Historic Poverty Bay and the East Coast, N.I., N.Z.
When a fire broke out in Teat and Friar's building in 1908 the water supply from Te Arai (which was being tested) registered a pressure of 140lbs. at the fire station, but, before the brigade reached the scene of the blaze, the water had been turned off. In the absence of male helpers some women operated the levers of the manual to draw water from a tank until the Te Arai supply was turned on again.
The steam plant was used for the last time on the occasion of a fire in Hallam's shop in Hall's Block in March, 1910. A heavy flood had broken the Te Arai main. On account of the rose of the suction pipe which fed the well being partly choked with debris the two street hydrants could be used only alternately.
For many years His Majesty's Theatre, which stood in Customhouse Street, was Gisborne's principal place of entertainment. It replaced the Academy of Music, and was built, in 1900, at a cost of £5,000, by the trustees in the estate of Peter McFarlane. There was a dress circle, and the building had seating for 1,000.

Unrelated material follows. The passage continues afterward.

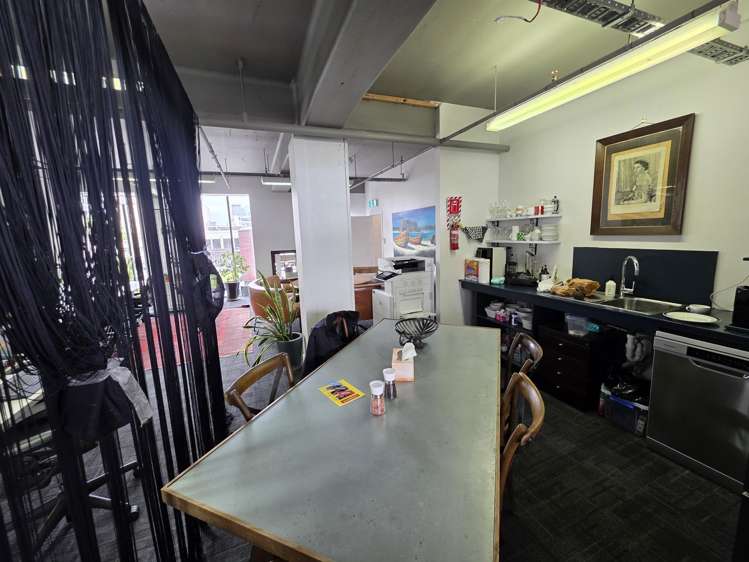 88 Broadway Newmarket_3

The Garrison Hall (built in 1909 at a cost of £4,000) stood in Fitzherbert Street on the site now occupied by the Army Hall. The site was bought by the trustees of the old Volunteer Hall property in Customhouse Street in 1907 for £1,200, and the Government assisted to finance the cost of the new hall by buying the old hall and site for £1,100 and making a grant of £2,900. The trustees raised a private mortgage of £1,500. The roof was supported by wooden arches and there was a clear floor space, at the outset, of 144 feet by 132 feet. The Army Hall, which cost £13,000, was opened on 1 October, 1942.
Among the large number of country and Coast hotels which were destroyed by fire the largest was the Te Karaka Hotel, of 55 rooms (1913). Two of the three hotels at Tolaga Bay which preceded the Inn comprised over 40 rooms. Both the Native church at Manutuke and the first St. Luke's at Waerenga-a-Hika were burned down in 1910. The Tokomaru Bay freezing works had a narrow escape in August, 1913, and, during that year, the Tolaga Bay Town Hall was destroyed. Whilst moving pictures were being shown at His Majesty's Theatre at Te Karaka on 6 July, 1918, a destructive fire broke out and the 250 patrons left in haste. The Waiapu Farmers' Company's extensive premises at Tikitiki were burnt in May, 1918.
The Gisborne Fire Board held its first meeting on 13 July, 1908. J. Townley was the first chairman. The present up-to-date fire station was built in 1938, replacing one that had been erected on the same site in 1915. In 1948 B. S. Bree was chosen as chairman for his twenty-first term.
The Gisborne Fire Brigade (1949) is composed of a superintendent, two foremen and 23 firemen (including two permanent hands), and its equipment includes four mobile engines, three mobile pumps, and two stationary pumps.
Stars for 25 years' service have been won as under: J. Townley, 1883–1913; T. Morrison, 1883–1933; W. Fraser, 1886–1916; G. T. Wildish, 1886–1916; A. Thomson, 1889–1939; J. J. McLachlan, 1897–1922; W. Wildish, 1905–1938; S. Ledger, 1906–1931; T. J. Donovan, 1906–1941; J. W. Kane,* 1908–; D. L. Ferguson,* 1908–; J. P. Weston,* 1909–; S. Wildish, 1914–1941; W. H. Griffin,* 1914–; A. E. Drummond,* 1916–; E. McKenzie, 1914–47.
Superintendents: W. F. Crawford, 1877-April, 1878; Bedford Sherriff, April, 1878-December, 1878; G. J. Winter, 1878–85; J. Townley, 1885–1913; J. Thomson, 1913–19; J. W. Kane, 1919– (in April, 1949, Mr. Kane was appointed full-time superintendent). Secretaries: T. Faram, W. Fraser, C. Nield, G. Lapidge, D. Ferguson (39 years), P. McMahon and D. Brown.
Thirty-one brigades attended the United Fire Brigades' demonstrations held at Gisborne in February, 1946, and 299 teams competed for prize money aggregating £250.